Parlez-vous English?

I'm a dork.
(Duh, you blog.)
So sometimes I journal about my life.
(Duh, you blog.)

When I started my journal entry about France, the first thing that I wrote about was the language. I took enough French in high school and college to be able to speak to people, but learning it in American classrooms is completely different from being on the streets of a French city. What you don't realize in class is that the words you are learning, these strange formations of letters and sounds...they have...meaning.



"Well, duh, you stupid American."

Laugh if you want, but I'm serious. I didn't understand how these words can be used as keys to unlock the ideas flowing out of someone's brain and sliding onto their teeth and tongue until I had a need to open the lock.

Being able to communicate with a stranger in a way that is foreign to you but comfortable to them is simply wonderful. You feel as though you belong. You can sink into the knowledge that even while you stumble over words and phrases, what you're saying has some semblance of meaning to them. Even reading street signs seems like a treasure.

Not to mention that on a trip composed of Americans, you become extremely popular when it comes time to order food or ride the Metro. The very first night we were there, our trip leader went up to the information desk and asked, "Parlez-vous ingles?"

I almost died.

But speaking the language was one of my favorite things about France, because it kept me from being too much a tourist on my tourist trip. I was able to talk to people, make acquaintances, and get the information I needed when I needed it. I could keep from standing out too badly in a crowd. (Although being the, as the Russians call us obnoxious Americans, "americos" that I am, fitting in ended as soon as I laughed. /Squawked.) I got to tell all of my friends what the enthusiastic audience members were saying when they approached us after a concert to thank us and applaud us. And even though language barriers are miniscule for children, I was able to play with the French kids I met and teach them American games.
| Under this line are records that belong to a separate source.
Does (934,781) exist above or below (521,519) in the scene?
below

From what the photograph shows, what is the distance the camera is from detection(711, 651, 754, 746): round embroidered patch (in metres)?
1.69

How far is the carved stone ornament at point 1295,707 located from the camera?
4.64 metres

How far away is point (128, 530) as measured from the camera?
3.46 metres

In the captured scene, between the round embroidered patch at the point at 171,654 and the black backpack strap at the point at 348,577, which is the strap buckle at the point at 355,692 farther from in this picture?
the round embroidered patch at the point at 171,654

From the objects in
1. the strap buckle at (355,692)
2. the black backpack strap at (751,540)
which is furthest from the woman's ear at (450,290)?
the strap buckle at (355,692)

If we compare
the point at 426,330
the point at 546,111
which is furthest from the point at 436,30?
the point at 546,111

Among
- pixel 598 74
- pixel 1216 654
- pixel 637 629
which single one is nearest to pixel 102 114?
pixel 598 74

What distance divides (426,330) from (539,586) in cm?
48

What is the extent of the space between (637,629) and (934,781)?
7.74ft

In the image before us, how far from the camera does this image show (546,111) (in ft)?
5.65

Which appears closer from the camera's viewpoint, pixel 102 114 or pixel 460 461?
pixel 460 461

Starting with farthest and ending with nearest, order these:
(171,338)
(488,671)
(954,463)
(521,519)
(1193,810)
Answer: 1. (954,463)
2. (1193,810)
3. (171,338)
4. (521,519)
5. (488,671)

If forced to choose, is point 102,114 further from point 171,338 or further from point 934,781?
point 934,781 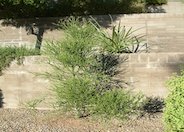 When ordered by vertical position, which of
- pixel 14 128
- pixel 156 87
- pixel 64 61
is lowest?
pixel 14 128

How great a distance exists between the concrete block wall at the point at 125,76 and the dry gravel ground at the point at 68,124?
63 centimetres

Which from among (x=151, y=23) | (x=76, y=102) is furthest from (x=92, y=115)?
(x=151, y=23)

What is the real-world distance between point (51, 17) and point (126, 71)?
23.9 feet

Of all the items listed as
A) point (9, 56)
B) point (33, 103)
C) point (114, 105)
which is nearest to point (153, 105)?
point (114, 105)

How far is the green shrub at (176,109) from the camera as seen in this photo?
203 inches

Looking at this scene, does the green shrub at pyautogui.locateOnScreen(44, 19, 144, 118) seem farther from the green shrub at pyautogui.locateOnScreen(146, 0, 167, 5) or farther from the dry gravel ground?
the green shrub at pyautogui.locateOnScreen(146, 0, 167, 5)

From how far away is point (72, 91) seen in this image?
792cm

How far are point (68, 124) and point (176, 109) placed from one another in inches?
129

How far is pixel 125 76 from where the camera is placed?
29.4 ft

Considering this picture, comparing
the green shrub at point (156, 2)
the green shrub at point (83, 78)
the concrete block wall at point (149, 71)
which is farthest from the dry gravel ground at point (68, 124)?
the green shrub at point (156, 2)

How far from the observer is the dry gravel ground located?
7781 mm

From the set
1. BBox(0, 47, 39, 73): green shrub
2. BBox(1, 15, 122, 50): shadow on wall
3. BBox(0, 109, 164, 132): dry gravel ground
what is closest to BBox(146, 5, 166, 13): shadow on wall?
BBox(1, 15, 122, 50): shadow on wall

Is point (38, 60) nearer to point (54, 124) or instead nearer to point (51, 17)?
point (54, 124)

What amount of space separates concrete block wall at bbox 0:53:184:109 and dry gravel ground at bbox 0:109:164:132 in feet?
2.05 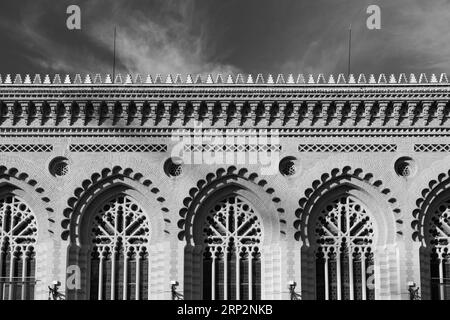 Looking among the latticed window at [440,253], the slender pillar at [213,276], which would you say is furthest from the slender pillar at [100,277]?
the latticed window at [440,253]

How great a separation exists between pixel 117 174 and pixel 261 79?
4.34 m

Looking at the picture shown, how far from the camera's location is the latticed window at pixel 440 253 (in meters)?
25.7

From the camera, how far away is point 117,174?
2602cm

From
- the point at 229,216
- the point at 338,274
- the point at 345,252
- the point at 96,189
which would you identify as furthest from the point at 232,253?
the point at 96,189

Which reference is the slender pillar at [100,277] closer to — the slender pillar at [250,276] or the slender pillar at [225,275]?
the slender pillar at [225,275]

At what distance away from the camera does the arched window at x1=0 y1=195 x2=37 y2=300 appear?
25.7 meters

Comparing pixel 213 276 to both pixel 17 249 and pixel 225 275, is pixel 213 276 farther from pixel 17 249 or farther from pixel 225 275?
pixel 17 249

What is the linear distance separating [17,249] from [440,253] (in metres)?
10.4

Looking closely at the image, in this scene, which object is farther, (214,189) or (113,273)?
(214,189)

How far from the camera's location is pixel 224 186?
26016 millimetres

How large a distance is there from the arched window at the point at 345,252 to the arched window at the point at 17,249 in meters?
7.08

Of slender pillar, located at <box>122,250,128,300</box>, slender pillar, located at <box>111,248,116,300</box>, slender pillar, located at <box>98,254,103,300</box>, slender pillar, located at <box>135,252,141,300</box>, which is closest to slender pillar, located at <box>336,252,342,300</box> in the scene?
slender pillar, located at <box>135,252,141,300</box>

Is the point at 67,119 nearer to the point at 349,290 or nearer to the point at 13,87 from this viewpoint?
the point at 13,87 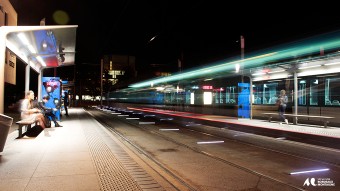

I felt...well...cool. Not to mention Parisian, which is almost the same thing.

Now, contrast that with getting off the airplane in Kyiv, with my luggage nowhere to be found, and being greeted by this:

потерянный багаж

Confession: I have no idea how to read that. I google translated "lost luggage." Not only did I not know the language, I didn't even know the alphabet. Standing in line at the lost luggage office, listening to strangers speak a language that I couldn't even separate into words, and having officials give me forms and point me to other desks with unreadable signs, I couldn't help but wonder what I'd gotten myself into.

Thank goodness I was working in an English camp.

Maybe it was because I had just been in France and connected so much to the country because of the language, but the first few days that we spent in Kyiv freaked me out a little. If I were to get off on my own, I would be done for. I felt impaired, as though I couldn't really connect to the city without understanding what was being said.

So, I did my sightseeing, and hung out with my lovely (English-speaking) tour guides, and enjoyed what I saw.

It wasn't until I went back to Kyiv at the end of the trip that I got the interesting perspective of being the translated-for instead of the translated. The students who had been working with me to learn English all week were suddenly taking care of me, ordering food for me, and getting directions for me--in Russian. (I think. It might have been Ukrainian. Shoot, it could have been Polish for all that I know.)

I was completely and cluelessly grateful. I did a whole lot of clumsy smiling and nodding. I wonder if that's how my tripmates felt when I ordered pizzas in France? Of course, they didn't get the cool experience I had of hearing my friends' accents suddenly "disappear" when they began speaking their native language. (Yes, that thought actually went through my pea-brained head.)

Forced dependency is humbling, but good. Because as much as I can speak bad French, I'm not French. If I had tried too hard to speak bad Russian, I might have started thinking that I was practically Russian enough and missed the point.

It was cool to have them order gelato for me too, but gelato is cool anywhere.

I missed having the connection that I had to France, though. It was incredible that I could sneakily insert myself into the culture's surface by saying "jambon" instead of "ham." If I go back to Ukraine, I'm definitely learning enough to order my own borsch.

I'm sad to say, of all my time spent in Ukraine, I really only used one word effectively: собачка. Sobachka.

Doggy.

Why?

At English camp, everyone you want to hug speaks English. But dogs you want to
cuddle with obstinately refuse to learn.